A York County judge ruled last week that a state Department of Corrections report concerning York County Prison is not subject to public access, potentially affecting future open records rulings in the county.

The York Dispatch has been trying since September to access the record, particularly the financial portions.

In his ruling, Judge Richard K. Renn said that although the report contains financial information regarding salaries and suggestions to reduce overtime, that information doesn't meet the standard to be considered a financial record under the state's Right-to-Know Law.

"Requestors ask us to expand the definition of 'financial record,'" the ruling stated. "In the context of this case, we decline to write into the statutory definition something which is not there."

The Right-to-Know Law defines a financial record as "any account, voucher or contract" dealing with the receipt or disbursement of funds by an agency or disposal of services, supplies and materials.

The definition also covers records pertaining to salaries or other expenses paid to an officer or employee of an agency and to financial audit reports.

"We felt very strongly that there was information in this report that the public needs to know, deserves to know, but the county had legitimate security concerns," said Pat DeLany, editor-in-chief at the newspaper. "We ended up asking a judge to decide that, and this is his ruling."

DeLany said he respects the judge's decision but that it might be time for the state Legislature to revisit the Right-to-Know Law to ensure the public has adequate access to records.

The court's decision to limit the definition of a financial record to exclude the salaries and overtime pay of prison employees was legally incorrect, said Melissa Melewsky, media law counsel for the Pennsylvania NewsMedia Association.

The judge's ruling states that the portions of the DOC report dealing with costs "do make more than a mere passing reference to finances."

The ruling goes on to state that the report contains analysis of salaries, allocation of personnel, suggestions about how to reduce overtime and the command and employment structure, which are all "significantly financial" in nature.

"That right there is enough to trigger access under the law," Melewsky said. "I think in this case, the court just got it wrong."

The judge also said that revealing the financial analysis could expose deficiencies within the prison system.

Craig Staudenmaier, the attorney representing The York Dispatch, also said he thought the court "took a somewhat narrow view of a 'financial record' definition," but that the judge's decision was well-thought out and well-reasoned.

"We knew it was going to be an uphill battle because of the large security issues involved," Staudenmaier said.
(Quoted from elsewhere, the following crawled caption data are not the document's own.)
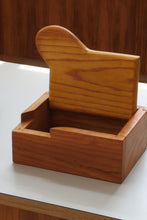 Load image into Gallery viewer, Handmade Oak Keepsake Box
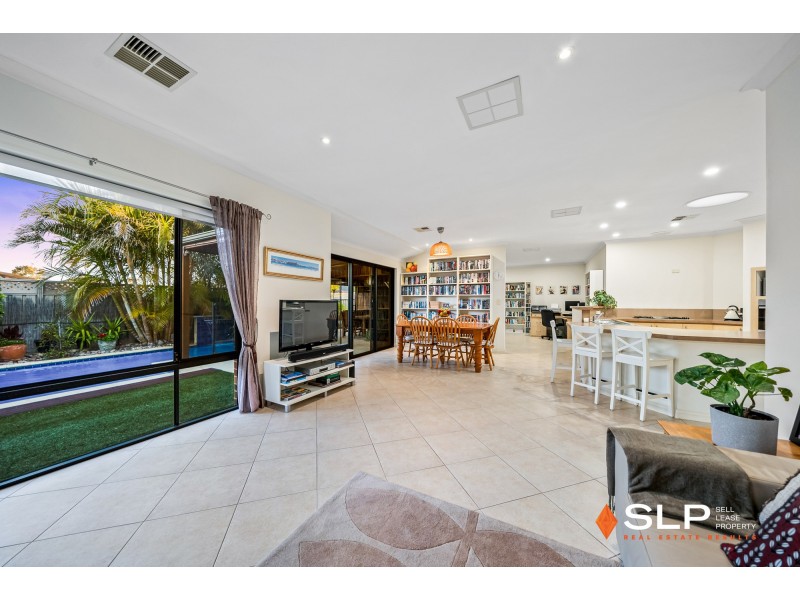 3 Eilyer Way, Carramar WA 6031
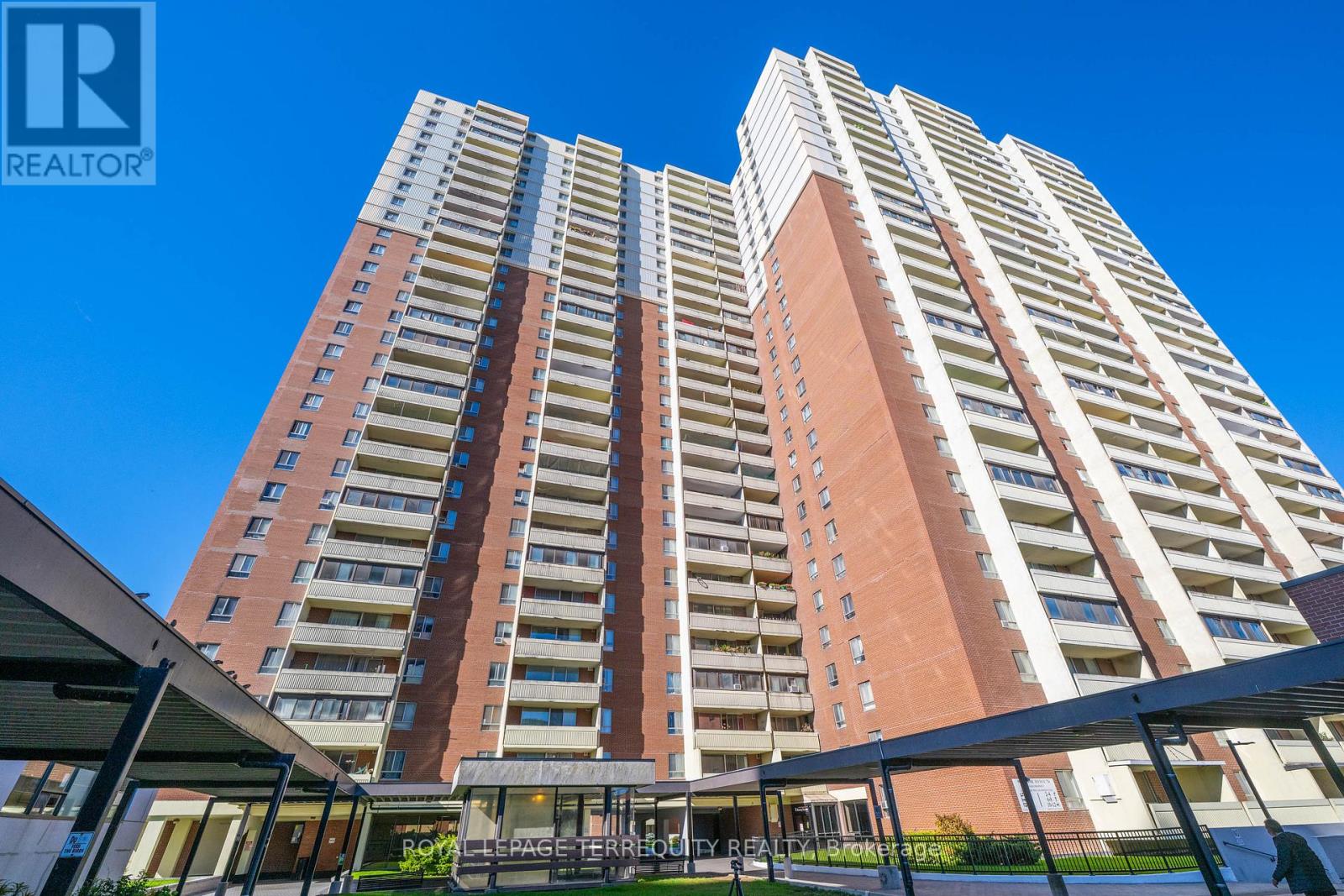 519 - 5 MASSEY SQUARE, Toronto, Ontario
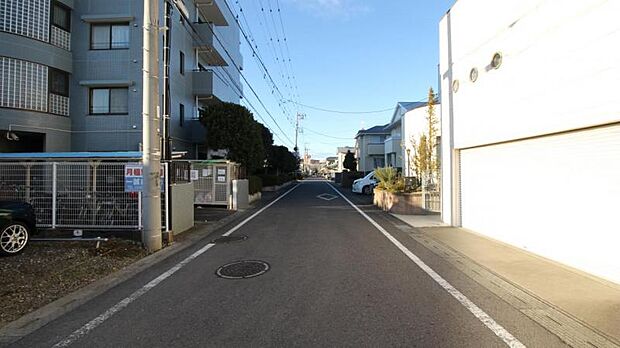 見通しもよく車の通りも多くないため、小さなお子様がいるご家庭も安心です♪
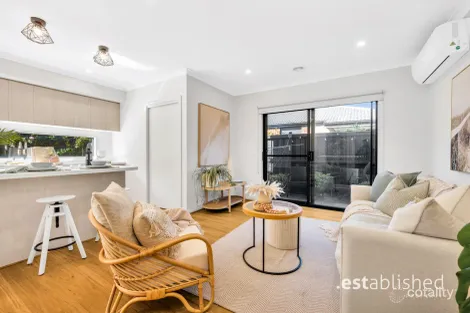 Property photo of 4 Darsham Crescent Point Cook VIC 3030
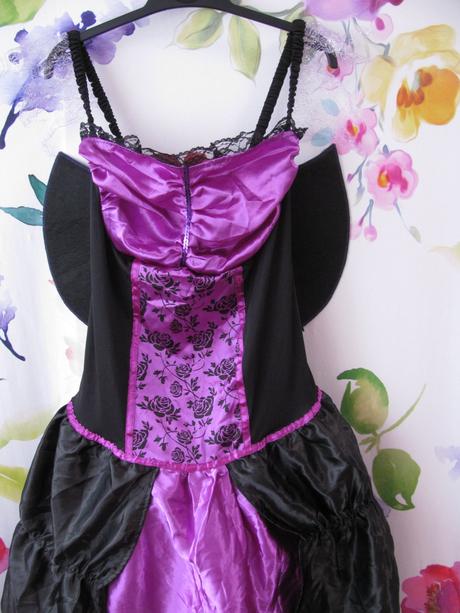 Kostým-upírka, anděl s křídly halloween v.140-146,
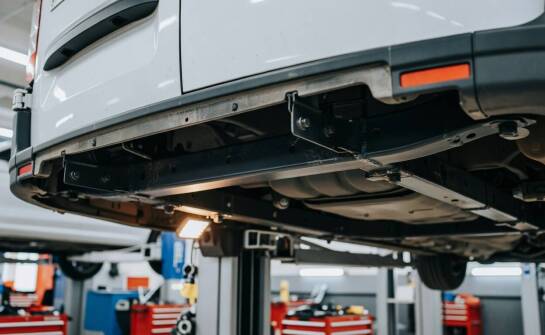 Belka tylna w Iveco Daily — jak rozpoznać jej funkcję, uszkodzenia i zgodność z wersją auta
Donald Reihart, solicitor for the York County Prison Board, said he agreed with the judge's ruling and that the report is not a public record.

It makes no sense to publish information dealing with security and the confinement of inmates, Reihart said.

"We’re a good prison," Reihart said. "I think we’re a better prison now, and the overtime is really only a minor issue here as far as that report is concerned."

When York County denied The York Dispatch's initial request for the report, the newspaper filed an appeal with the state Office of Open Records.

The county neglected to file evidence with the OOR to support its denial of the request, and the OOR ruled in the newspaper's favor, ordering the county to produce the report, but the county appealed.

At this point, the newspaper does not intend to file an appeal with the commonwealth court to overturn Renn's decision, DeLany said.